O desafio, dessa maneira, não está em ler ou conhecer outras referências,
mas em não absorver de forma acrítica conteúdos que colidam com os princípios
espíritas fundamentais. Por exemplo, há no mercado editorial romances que
descrevem o mundo espiritual de maneira incoerente com o ensino dos Espíritos
validado pelo critério da universalidade. Alguns desses reproduzem na esfera
extrafísica, indevidamente, a vida material e as relações sociais dos
encarnados.[1]
É nesse cenário que os dirigentes e os estudantes espíritas precisam
cultivar uma postura de fé raciocinada, um dos pilares do Espiritismo. Isso
implica ler com discernimento, avaliar com base na lógica e na razão, e sempre
confrontar novas informações com os critérios doutrinários. O Espiritismo, por
sua natureza científica e filosófica, convida ao questionamento, mas também
exige responsabilidade na formação de convicções.
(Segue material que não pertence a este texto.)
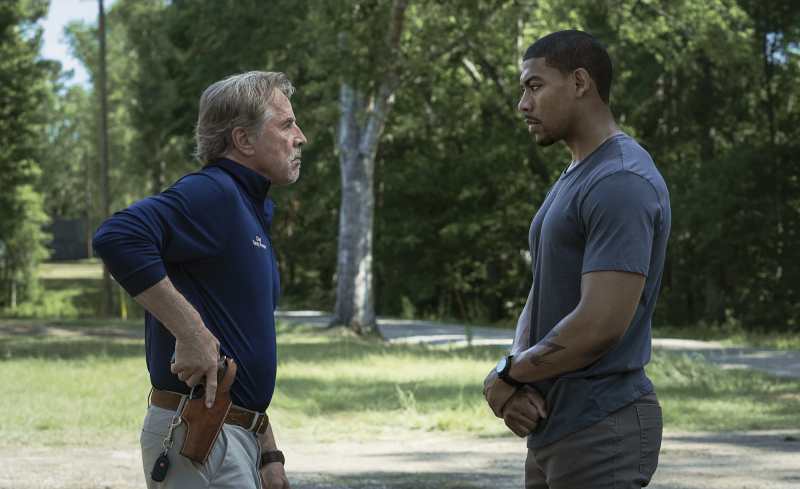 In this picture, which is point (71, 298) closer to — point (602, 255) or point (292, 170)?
point (292, 170)

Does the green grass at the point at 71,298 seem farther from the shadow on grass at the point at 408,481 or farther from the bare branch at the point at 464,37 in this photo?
the shadow on grass at the point at 408,481

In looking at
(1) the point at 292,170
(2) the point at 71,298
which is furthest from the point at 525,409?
(2) the point at 71,298

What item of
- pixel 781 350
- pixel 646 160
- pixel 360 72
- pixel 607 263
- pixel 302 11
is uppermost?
pixel 302 11

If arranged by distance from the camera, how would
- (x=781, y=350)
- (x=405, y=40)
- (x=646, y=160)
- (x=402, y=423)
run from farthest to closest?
(x=405, y=40)
(x=781, y=350)
(x=402, y=423)
(x=646, y=160)

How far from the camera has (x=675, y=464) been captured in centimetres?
714

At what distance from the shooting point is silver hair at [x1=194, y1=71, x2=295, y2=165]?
280 cm

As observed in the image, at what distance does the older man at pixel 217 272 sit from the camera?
2398mm

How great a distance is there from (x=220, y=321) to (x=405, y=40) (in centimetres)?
1653

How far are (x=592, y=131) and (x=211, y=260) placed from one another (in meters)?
1.22

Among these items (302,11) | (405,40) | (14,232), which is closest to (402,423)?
(405,40)

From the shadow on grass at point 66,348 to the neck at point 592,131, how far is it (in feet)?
39.9

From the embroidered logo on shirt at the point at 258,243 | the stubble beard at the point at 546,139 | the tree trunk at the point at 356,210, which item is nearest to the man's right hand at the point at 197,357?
the embroidered logo on shirt at the point at 258,243

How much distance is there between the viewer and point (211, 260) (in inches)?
102

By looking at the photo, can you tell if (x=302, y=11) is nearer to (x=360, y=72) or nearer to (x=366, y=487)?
(x=360, y=72) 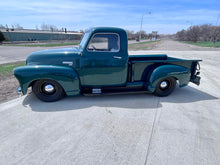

Misturar conceitos sem o filtro adequado pode levar à deturpação da
doutrina, à formação de um movimento espírita sincrético e desfigurado, ou à
adoção de crenças místicas incompatíveis com os fundamentos teóricos. Por outro
lado, um estudo aberto, mas criterioso, permite ao adepto compreender melhor a
diversidade de pensamentos espirituais sem perder a base sólida que a
codificação oferece.
O caminho não é o isolamento intelectual, mas a análise lúcida e
rigorosa. Ler sem misturar, estudar sem sincretizar, conhecer sem abandonar os
princípios.
Alguns podem alegar que sem a incorporação de novidades o Espiritismo
estará engessado ou, ainda, estimulará um “fundamentalismo religioso”. Ao
contrário, para se entender o natural dinamismo doutrinário, previsto pela
ortodoxia espírita com o progresso das ideias, deve-se aplicar um método
racional calcado em fatos e na fundamentação objetiva para o respectivo avanço
e não na aceitação cega baseada em argumentos de autoridade, sofismas e
falácias presentes em opiniões de encarnados ou desencarnados.
“Começar pelo começo” implica conhecer e aplicar a prudência e solidez
metodológica que Kardec valorizou partindo dos princípios doutrinários
validados para se separar o joio do trigo e contribuir para um movimento espírita
mais coerente e pujante.
[1]
Para uma descrição doutrinária sobre a realidade espiritual, pode-se consultar,
dentre outros textos, “Quadro da vida espírita” - Revista Espírita de
abril/1869, “A fome entre os Espíritos” - Revista Espírita de junho de 1868 ou
as dezenas de relatos no livro O céu e o inferno -2ª parte, por Allan Kardec.